President Bush has met with California governor-elect Arnold Schwarzenegger. The meeting came as Mr. Bush prepared to leave on a tour of Asia, where he will address terrorism and trade issues.
Mr. Bush says things have changed since he last came to California. For the Republican president, the change has been for the better. Fellow Republican Arnold Schwarzenegger is ready to take the helm of the most populous U.S. state, where Democrats dominate.
Last week, California voters decided to remove Democratic governor Gray Davis in a special recall election and replace him with the Hollywood actor. Voters were angry over the state's mounting budget problems.
Mr. Schwarzenegger is hoping Washington will help. He has complained that California receives less than 80 cents from the federal government for each dollar it sends in taxes. He has promised that when he takes office, he will be asking the president for "a lot of favors."
Some analysts say there is little Mr. Bush can do, faced with a federal deficit approaching $500 billion.
Mr. Schwarzenegger said the meeting was about "relationship building" and not about making specific requests. "We talked about the economy in California, education in California, bringing jobs back, some of the self-inflicted wounds that we have to take care of ourselves, and where can the federal government come in," he said.
As incoming California governor, Mr. Schwarzenegger also has something to offer the president. He can help in next year's general election, using his popularity to help sway the state behind the Republican incumbent. At stake are California's 55 electoral votes, a substantial part of the 270 that Mr. Bush needs for reelection.
The president also noted that the discussion went well, and he poked some fun at himself and his Austrian-born colleague. "We did have a good visit, and during that visit, I was able to reflect on how much we have in common.
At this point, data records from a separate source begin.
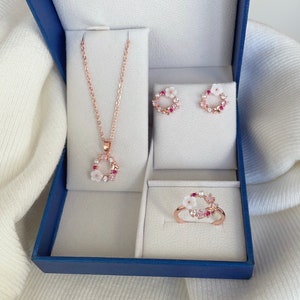 Necklace earrings ring jewelry set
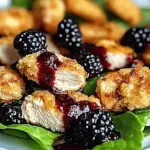 Blackberry Balsamic Grilled Chicken Salad with Crispy Fried Goat Cheese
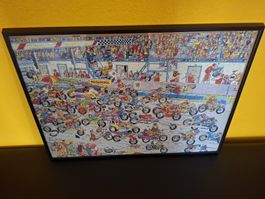 Neuwertiges Puzzle im Rahmen: Motorradrennen, 1000 Teile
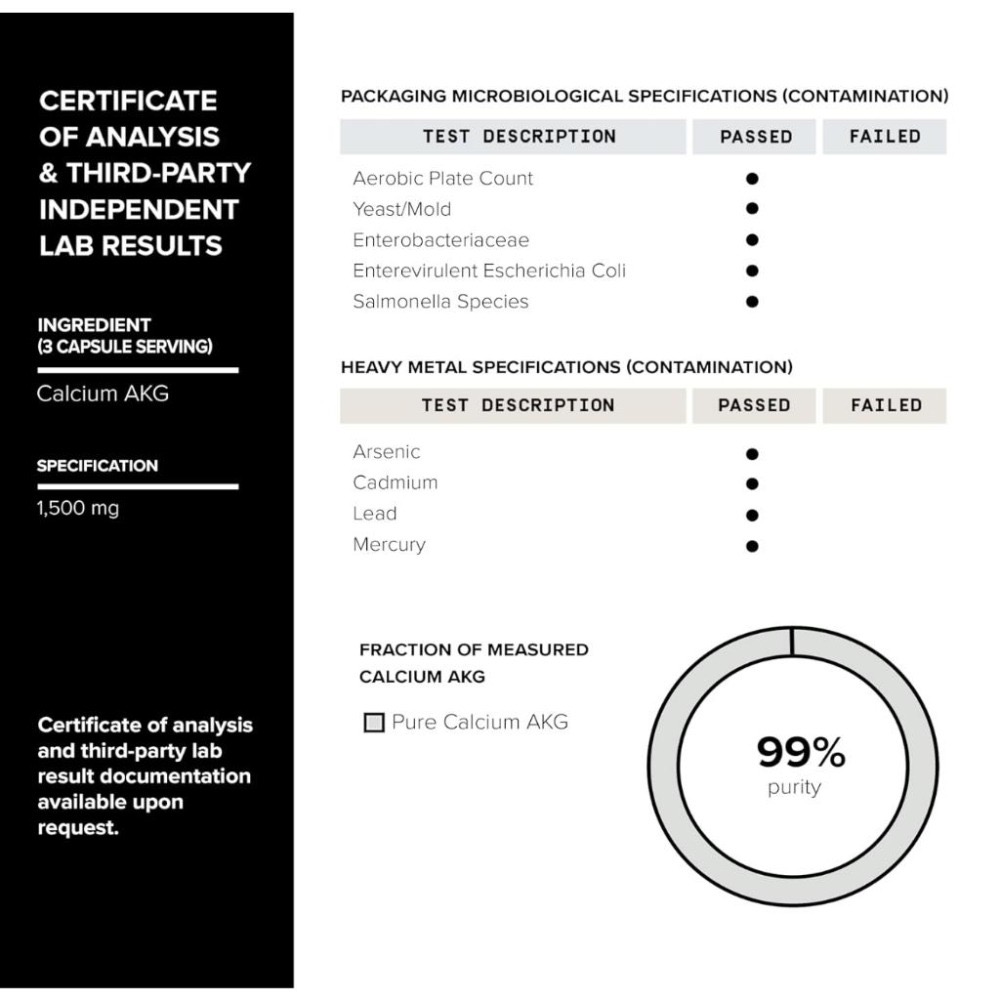 有貨 超高純度 Toniiq Ca AKG 補充劑 - 99%+ 120粒素食膠囊-細節圖5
We both married well," he said. "Some accuse us both of not being able to speak the language. We both have big biceps - well, two out of three isn't bad."
Mr. Bush was in California for campaign fundraisers and other appearances, on his way to Asia and Australia. Turning to the more serious issues of trade and terrorism, he said the United States is being tested.
"We're being tested abroad, and we're being tested here at home. We're meeting the test of history," he said. "We're defeating the enemies of freedom. And we're confronting the challenges to build prosperity for our country."
October 20 and 21, Mr. Bush will take part in the Asia Pacific Economic Cooperation forum in Bangkok, Thailand. He will also stop in Japan, the Philippines, Singapore, Indonesia and Australia.